The number of delivery options available nowadays makes finding something that matches your needs and budget easier than ever.

Popular ways to learn new things include:

On-site education

Finishing up an undergraduate degree or pursuing a graduate one can open up doors as well as boost confidence. Some jobs require or highly prefer candidates with certain degrees. If your dream role demands one, heading back to school makes sense.

Would brushing up on accounting procedures or learning more about cybersecurity make you better at your job? People who enjoy in-person learning often opt to take specific classes or seminars rather than enroll in a degree program. Check community colleges, libraries, and professional organizations for offerings.

Online education

Even before the COVID-19 pandemic, many great institutions of higher learning offered degree programs and classes online. Such possibilities skyrocketed over the past year, giving prospective students greater choice and flexibility.

In addition to virtual classes conducted by traditional brick-and-mortar colleges, a wealth of respectable online educational platforms exist. Coursera, edX, Skillshare, Udacity, Udemy, and LinkedIn Learning rank among the most popular. Some even offer free classes.

Certification programs

In numerous industries, certification demonstrates competence and commitment. Requirements vary but oftentimes include passing an extensive exam. Workers interested in taking such a test typically enroll in an online or on-site preparation program or set up an independent study plan.

Before embarking, determine the certifications respected in your industry and most likely to advance your career. In human resources, for instance, employers tend to view SHRM and HRCI certifications as the gold standard.

Company-related opportunities

Is your organization looking for someone to attend a conference or take a vendor-offered class? Jump at the chance. You’ll gain skills the business deems useful and do so on its dime.

Some employers encourage worker participation in their industry’s professional association(s) by paying the membership dues. Take advantage! You’ll gain access to a variety of exclusive professional development opportunities.

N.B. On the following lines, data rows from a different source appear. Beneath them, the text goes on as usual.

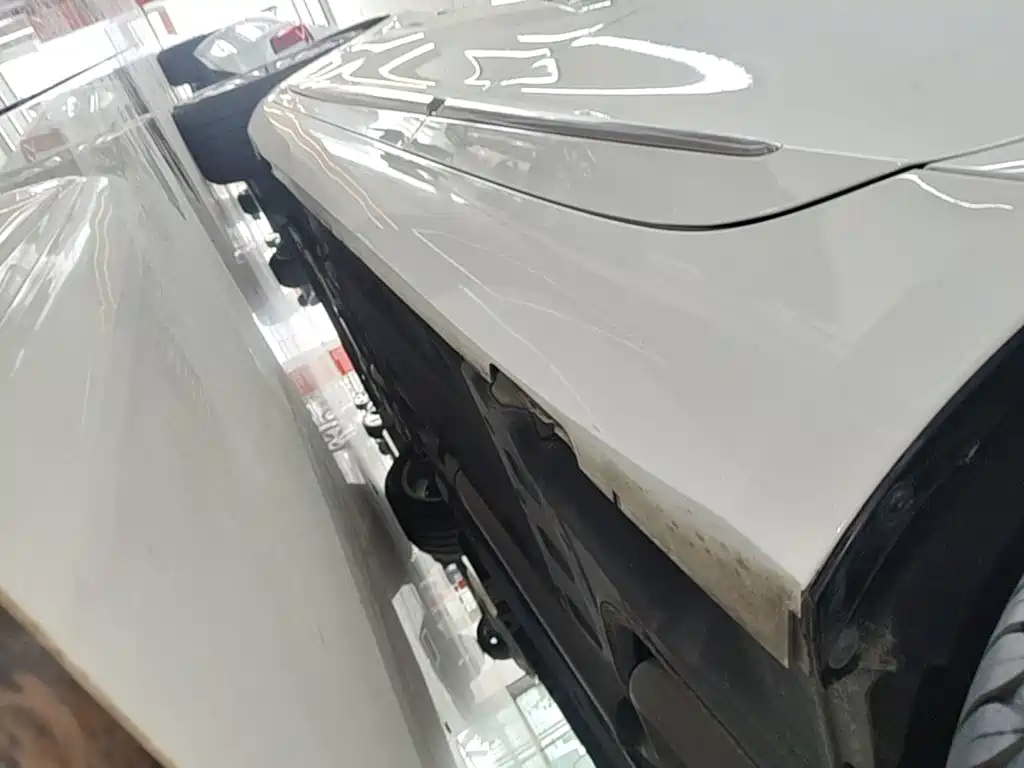 Cadillac XTS — миниатюра 22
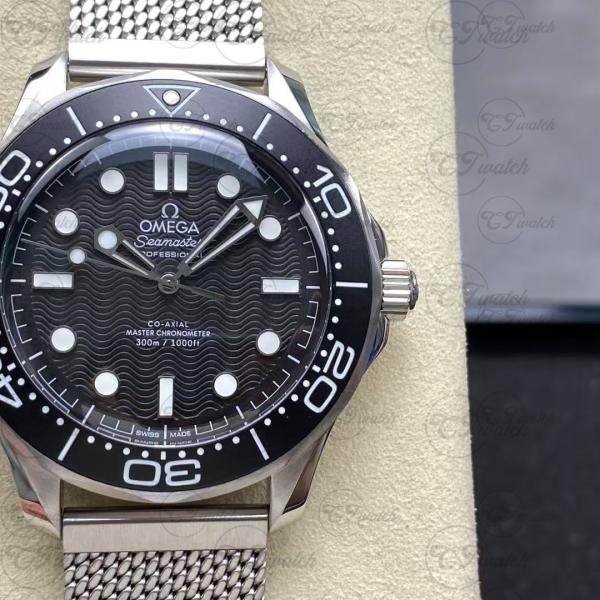 Omega Seamaster Diver 300M 42MM Clone Watch Automatique 8800 Mouvement Numéro noir Bracelet en acier inoxydable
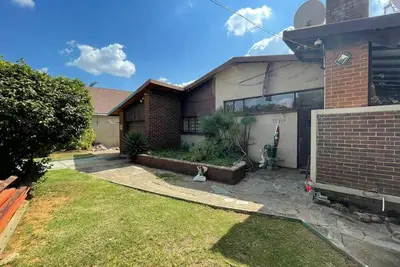 Image de 3-Bedroom Oasis with Pool\nWelcome to your perfect getaway!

Also, look within the workplace itself for learning experiences. Job shadow someone in a different department to become better versed about what goes on at the company as a whole. Join a mentorship program to connect with someone who can offer career guidance (or, if you’re at an advanced career stage, provide direction to an up-and-coming employee). Join an ERG (Employee Resource Group) to broaden horizons regarding diversity and inclusion.

Volunteer work

Supporting a cause enhances development through hands-on experience. Projects often employ critical soft skills such as leadership, communication, teamwork, and organization. And people helping others often help themselves in the process. Not only does volunteering expand one’s network, research shows hiring managers favor candidates with volunteer experience on their resumes.

Independent study

Lastly, professionals can hone a variety of skills by taking matters into their own hands. Scout out books and podcasts on subjects of interest; you’re bound to find plenty of experts with great advice and fresh perspectives. Browse available TED Talks for ones relevant to your career development needs. Use the site’s TED Recommends feature to help identify speeches that particularly suit your objectives. What you ultimately get out of self-directed learning depends on the effort you put in, so regularly carve out time to broaden your horizons!